> WHAT TO WORK ON:
Span requested from the data below: the line with "Материнская плата Asrock" through the line with "1st Class Location", both included. Give only these lines again, exactly, and leave every picture out.

> RAW DATA:
--------------------
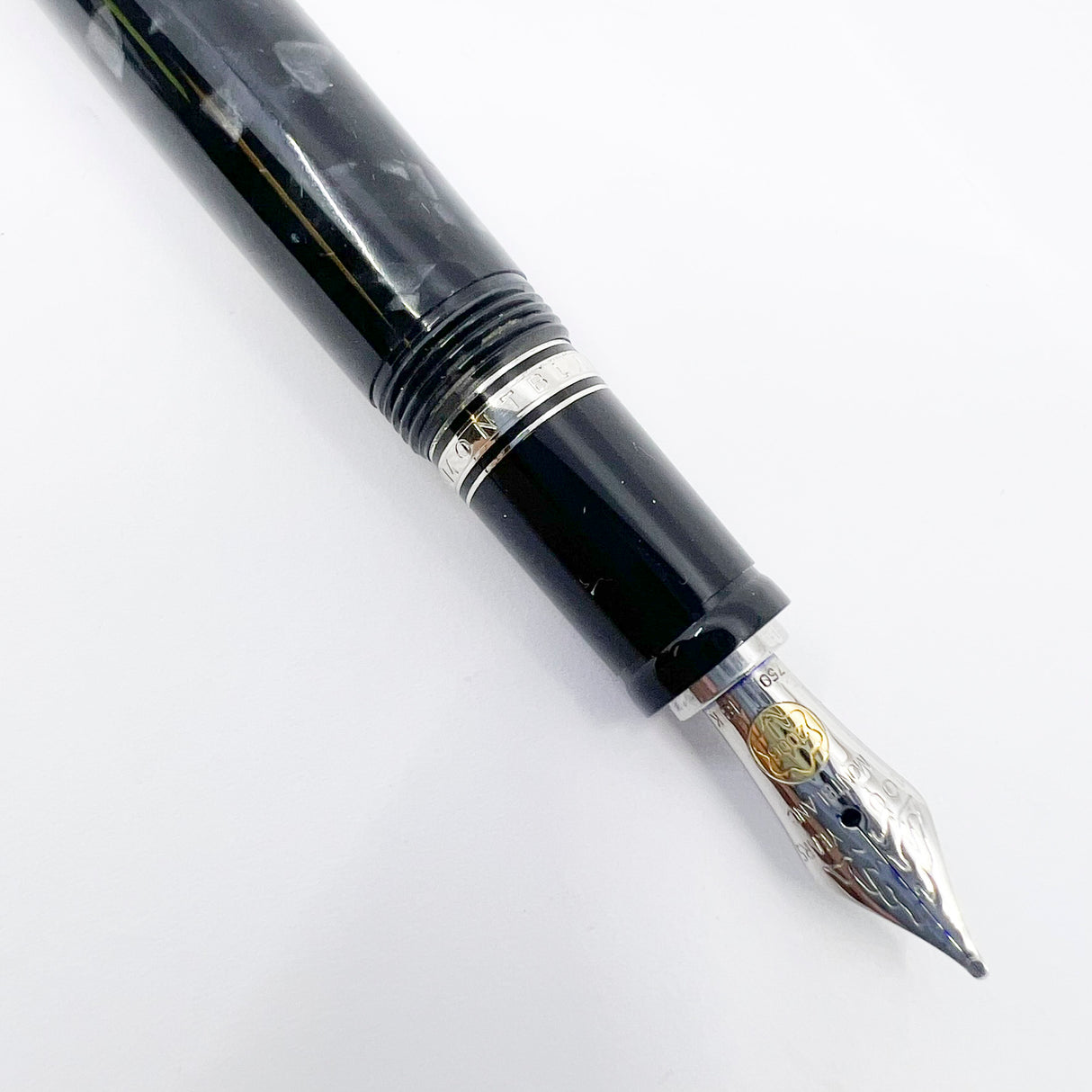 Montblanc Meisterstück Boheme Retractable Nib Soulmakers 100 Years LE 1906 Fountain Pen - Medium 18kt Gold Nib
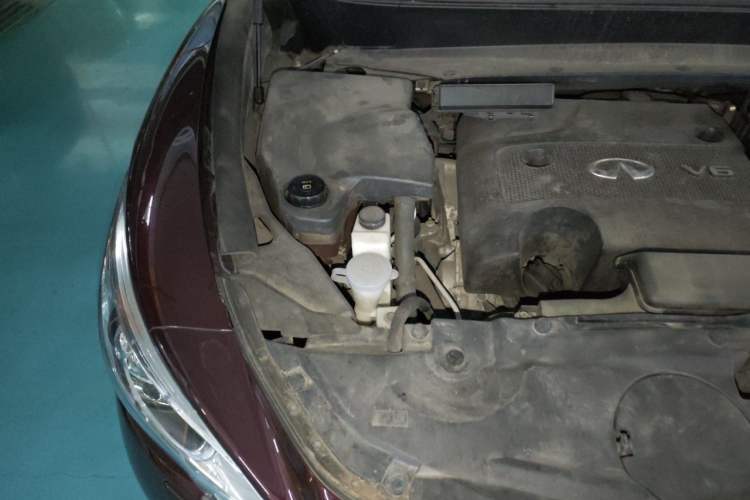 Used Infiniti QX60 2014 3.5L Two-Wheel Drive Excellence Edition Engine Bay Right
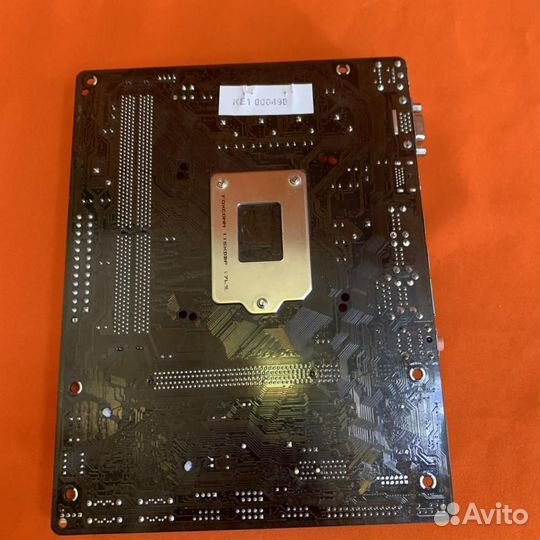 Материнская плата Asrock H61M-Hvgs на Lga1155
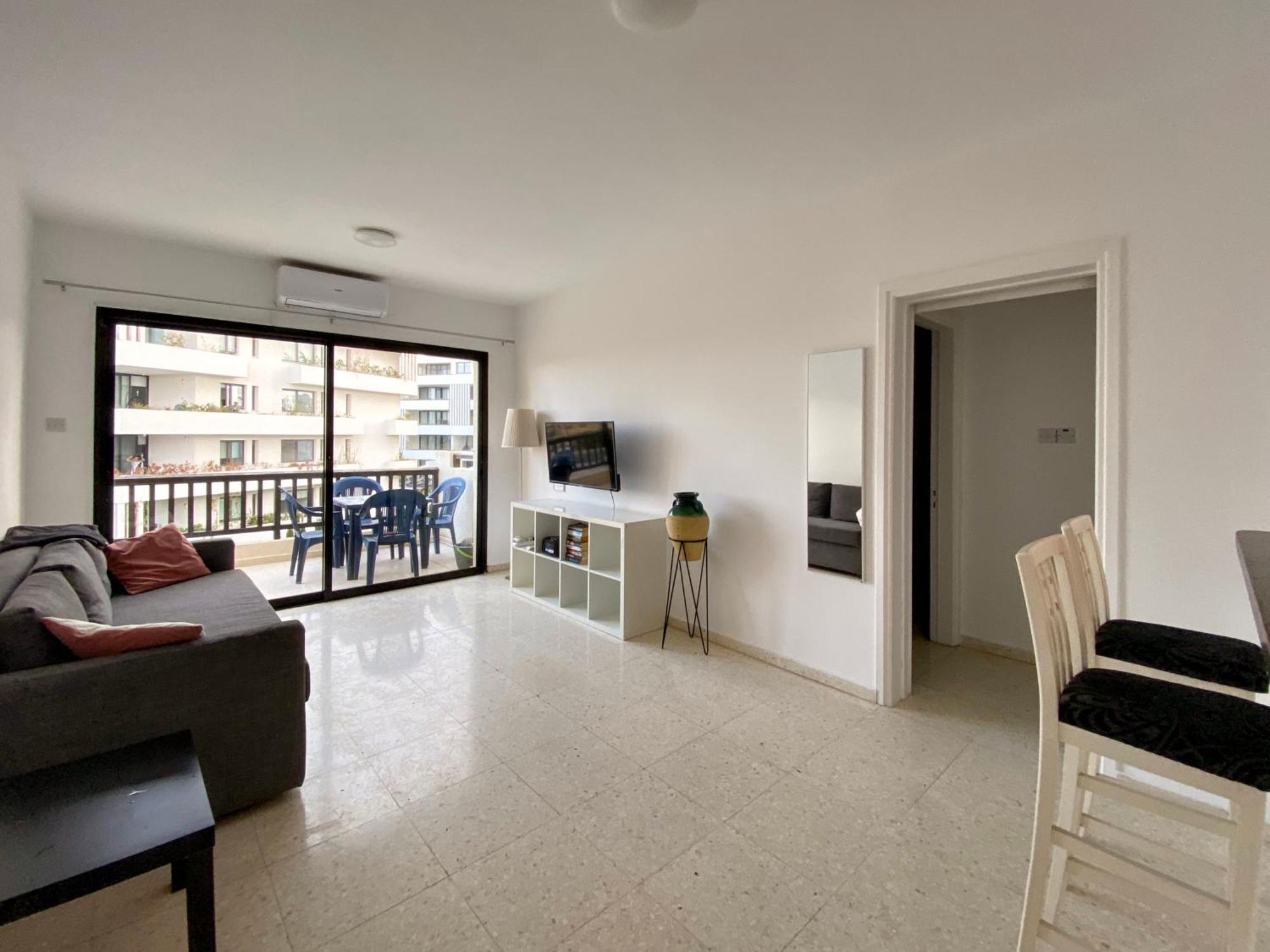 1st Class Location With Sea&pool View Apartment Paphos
--------------------
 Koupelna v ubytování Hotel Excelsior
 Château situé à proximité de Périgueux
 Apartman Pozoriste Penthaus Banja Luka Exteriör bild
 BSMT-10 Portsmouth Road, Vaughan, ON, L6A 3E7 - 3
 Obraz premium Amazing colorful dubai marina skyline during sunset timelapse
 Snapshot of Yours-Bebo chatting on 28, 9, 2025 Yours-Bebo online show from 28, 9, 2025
--------------------
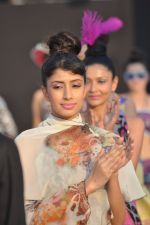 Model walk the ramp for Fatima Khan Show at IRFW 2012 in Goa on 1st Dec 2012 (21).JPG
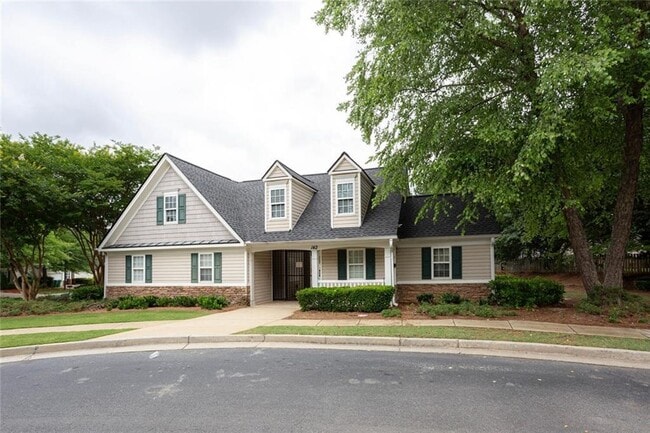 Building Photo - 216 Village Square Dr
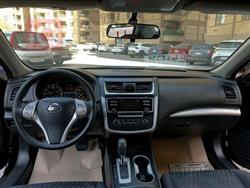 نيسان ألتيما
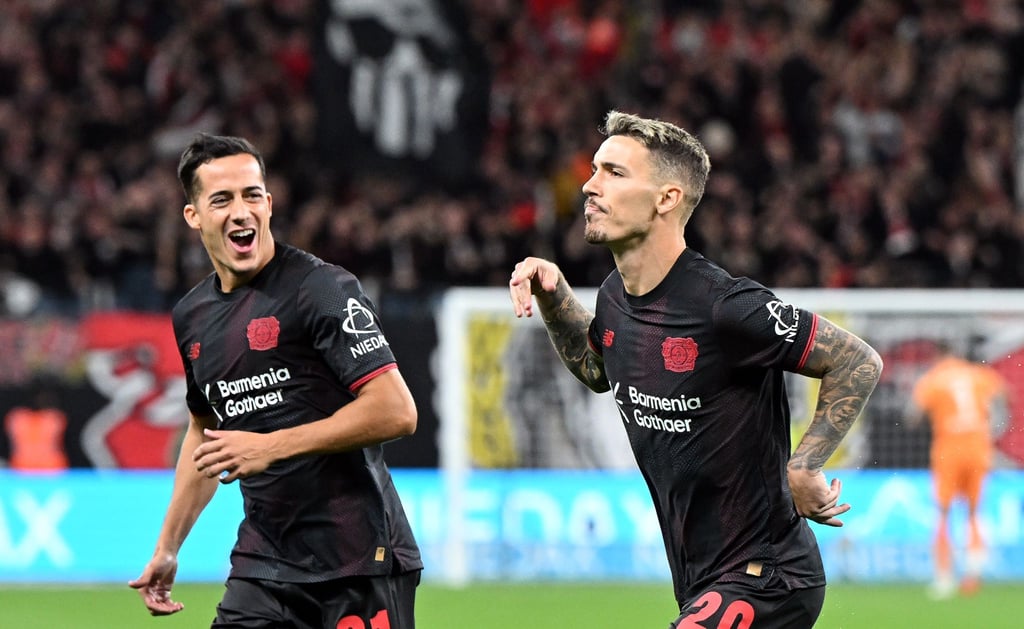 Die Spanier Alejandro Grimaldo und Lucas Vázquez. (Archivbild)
--------------------
> WORKED SOLUTION:
 Материнская плата Asrock H61M-Hvgs на Lga1155
 1st Class Location With Sea&pool View Apartment Paphos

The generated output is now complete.